Eventide: A Scene at the Westminster Union is an 1878 work by the social realist painter Hubert von Herkomer. It depicts women at St James's Workhouse, in Soho, London. The original painting, and a watercolour study, are held by the Walker Art Gallery, Liverpool. It is considered a companion picture to Herkomer's The Last Muster, which is held by the Lady Lever Art Gallery, also on Merseyside.

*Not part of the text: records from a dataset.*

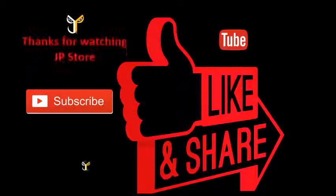Thanks for watching J.P. Store. Please do subscribe, like, and share.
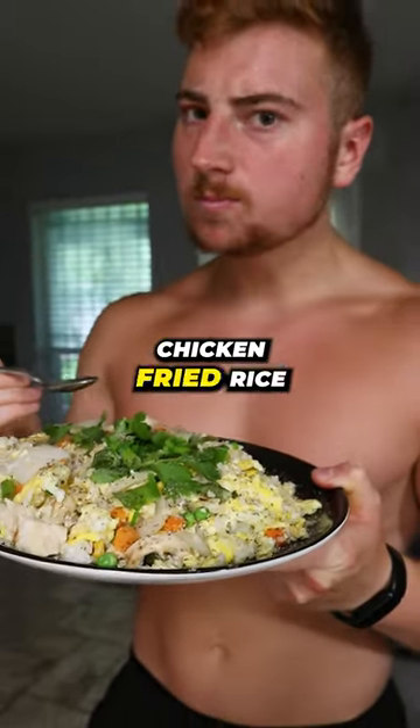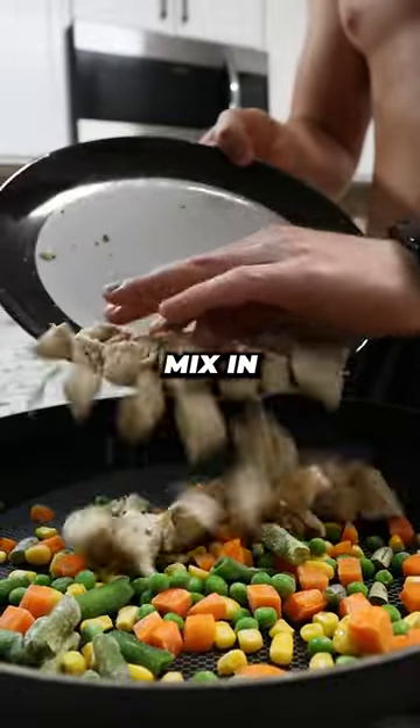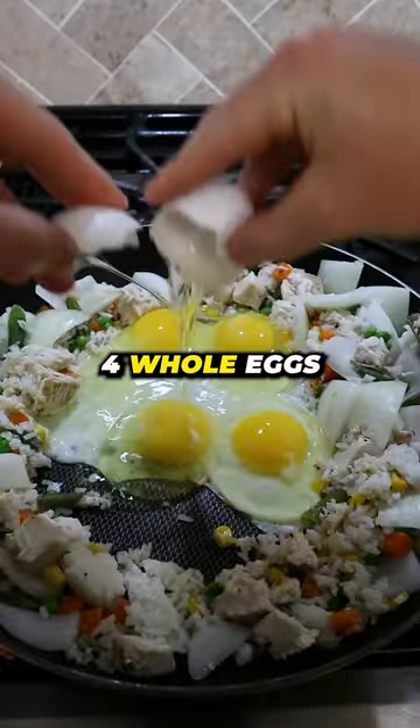Try out this quick and easy chicken fried rice. Start by adding frozen vegetables into a pan, then mix in cooked chicken breast along with some cooked rice and diced onions. After that, crack in four whole eggs.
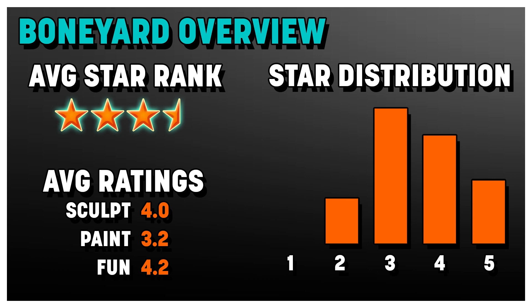With the star distribution, you can see this is heavily weighted at a high ranking. Overall average rating: sculpt 4.0, so 4 out of 5. Paint — like I said, this is kind of the weakness — 3.2. Fun is 4.2, extremely fun set. And our overall average star ranking for the set at three and a half stars is our newest high ranking set.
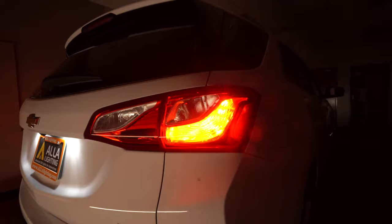These new LED side marker lights are much brighter than the incandescent bulbs, and the pure red color looks great.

The painting measures 198.5 × 110.5 cm, and it is signed and dated "Hubert Herkomer 1878". It is based on three drawings that Herkomer made for The Graphic magazine, particularly his 1877 engraving "'Old Age – A Study at the Westminster Union". Although sparsely furnished and decorated, Herkomer depicts the workhouse as a relatively comfortable place. The distorted perspective emphasises the cluster of women in the right foreground. Several cheerful elderly women in bonnets are sitting around a table, which is covered with white table cloth and has flowers in a vase. There are also prints on the wall (including one of the main figures from Herkomer's The Last Muster: the elderly Chelsea pensioner checking the pulse of his neighbouring veteran, presumed dead, at a church service). Most of the women are sewing, while one with a straw hat has poured tea into a saucer to drink, and another has a bible resting in her lap. A young woman stands nearby. More groups of women are in the shadows to the left, including one supporting another walking with a stick away from a large window.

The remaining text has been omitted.